(WHAT THE TASK ASKS): Reproduction of part of the material below, pictures omitted: copy exactly, and only, the lines starting with the one with "The Royal Apollonia, Elegant" and going on through the one with "蟹酢（150ml） - 内堀醸造株式会社　オンラインショッピング".

(EXTRACTED DATA):
Content starts

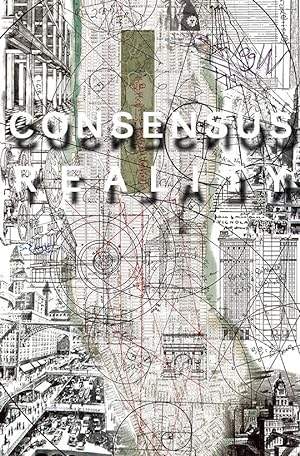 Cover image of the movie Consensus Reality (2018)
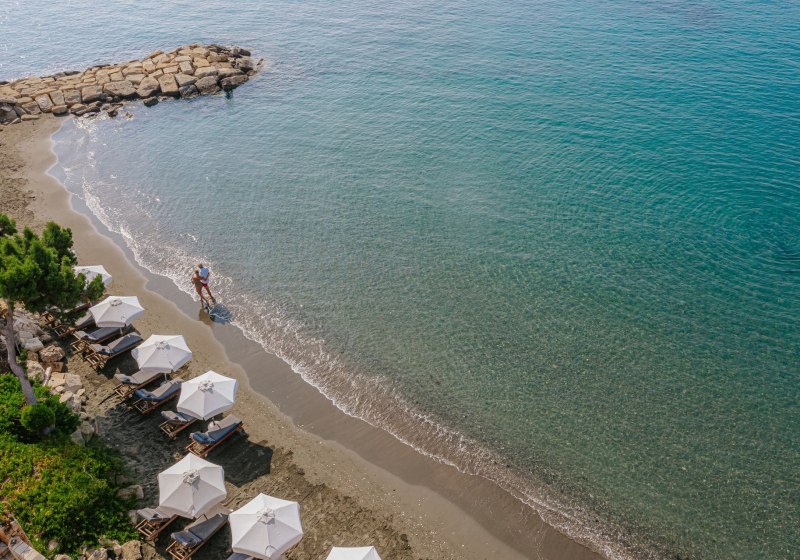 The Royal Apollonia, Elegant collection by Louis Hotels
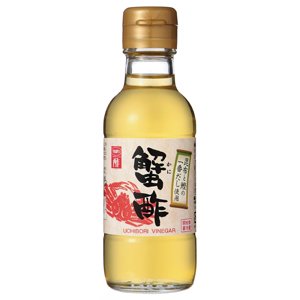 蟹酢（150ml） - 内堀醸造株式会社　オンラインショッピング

Content ends
Content starts

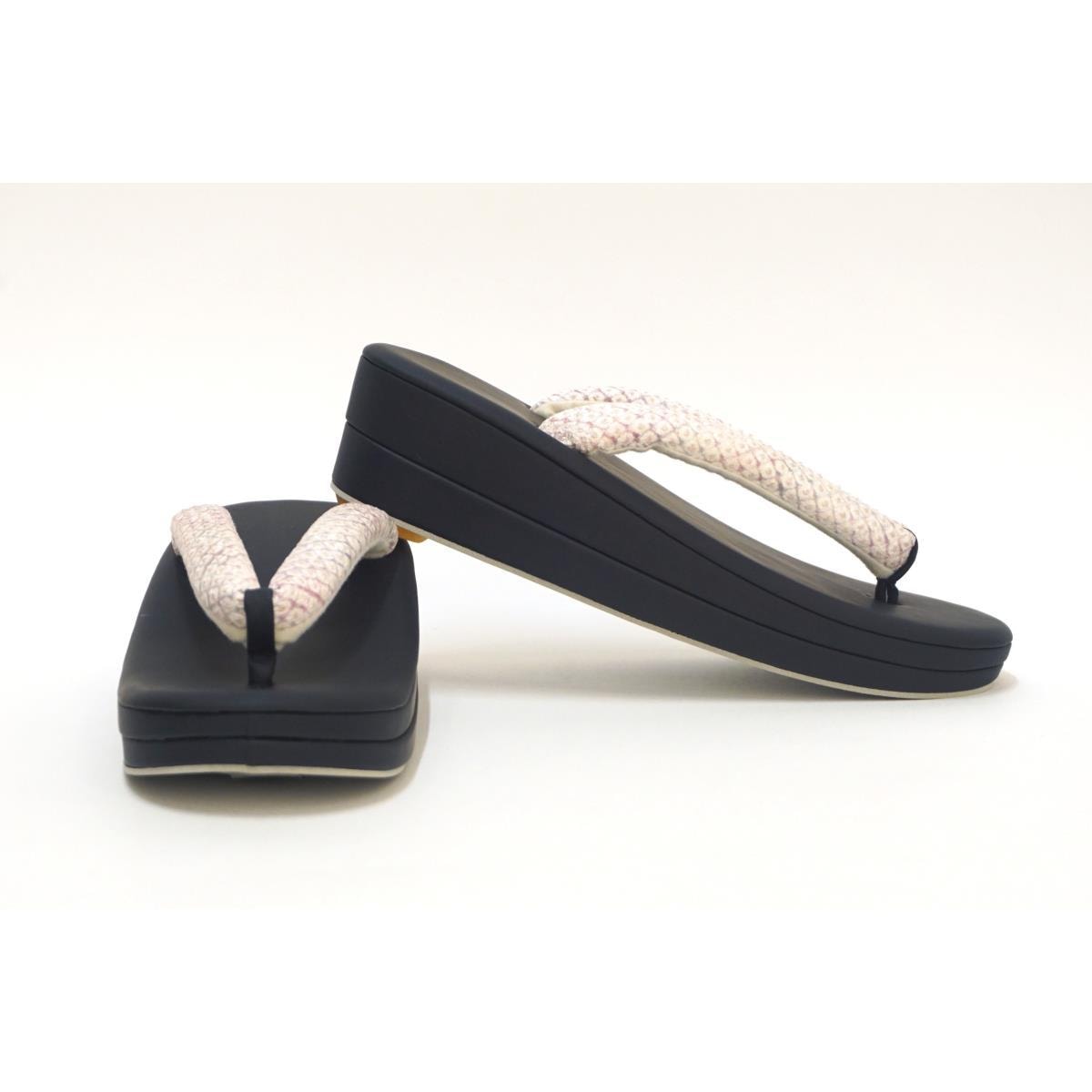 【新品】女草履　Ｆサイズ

Content ends
Content starts

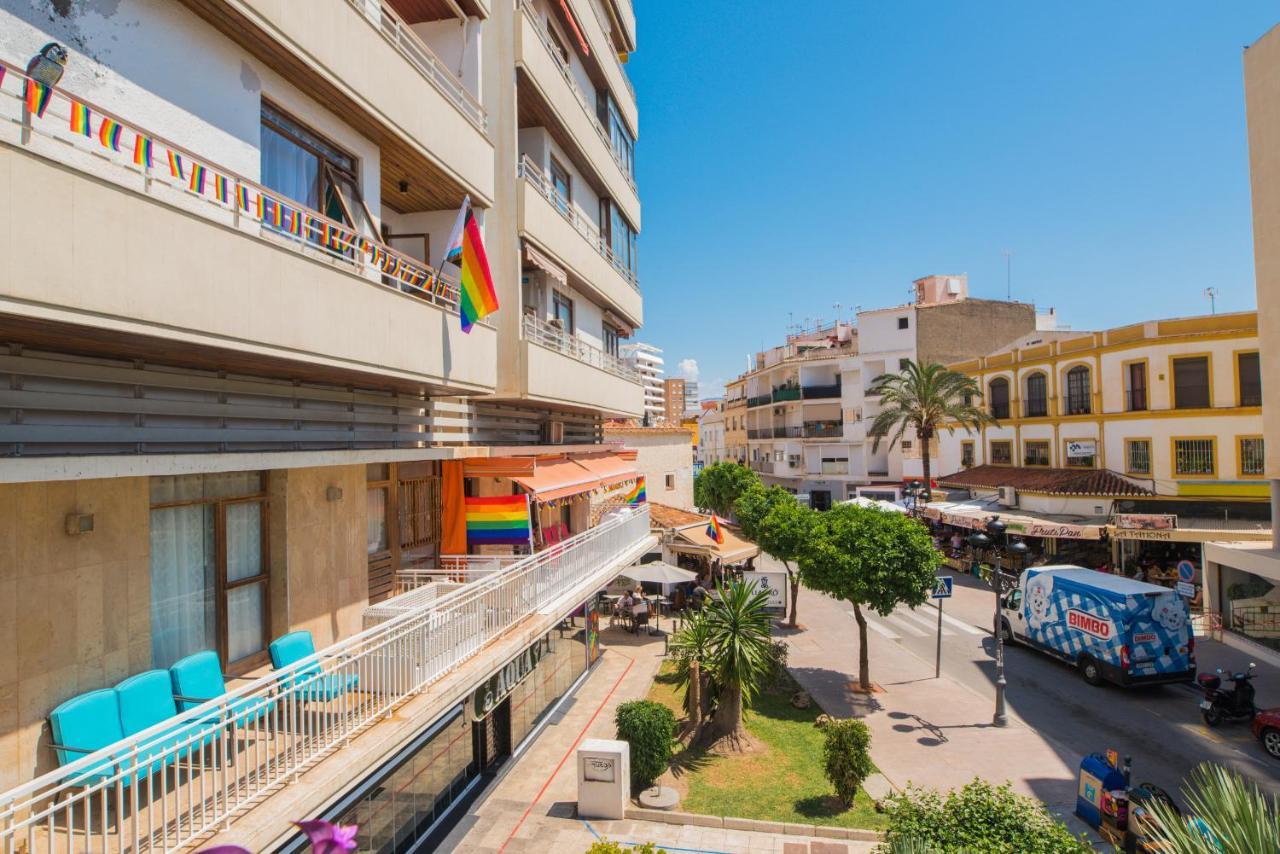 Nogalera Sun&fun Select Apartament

Content ends

(ANSWER BOX):
 The Royal Apollonia, Elegant collection by Louis Hotels
 蟹酢（150ml） - 内堀醸造株式会社　オンラインショッピング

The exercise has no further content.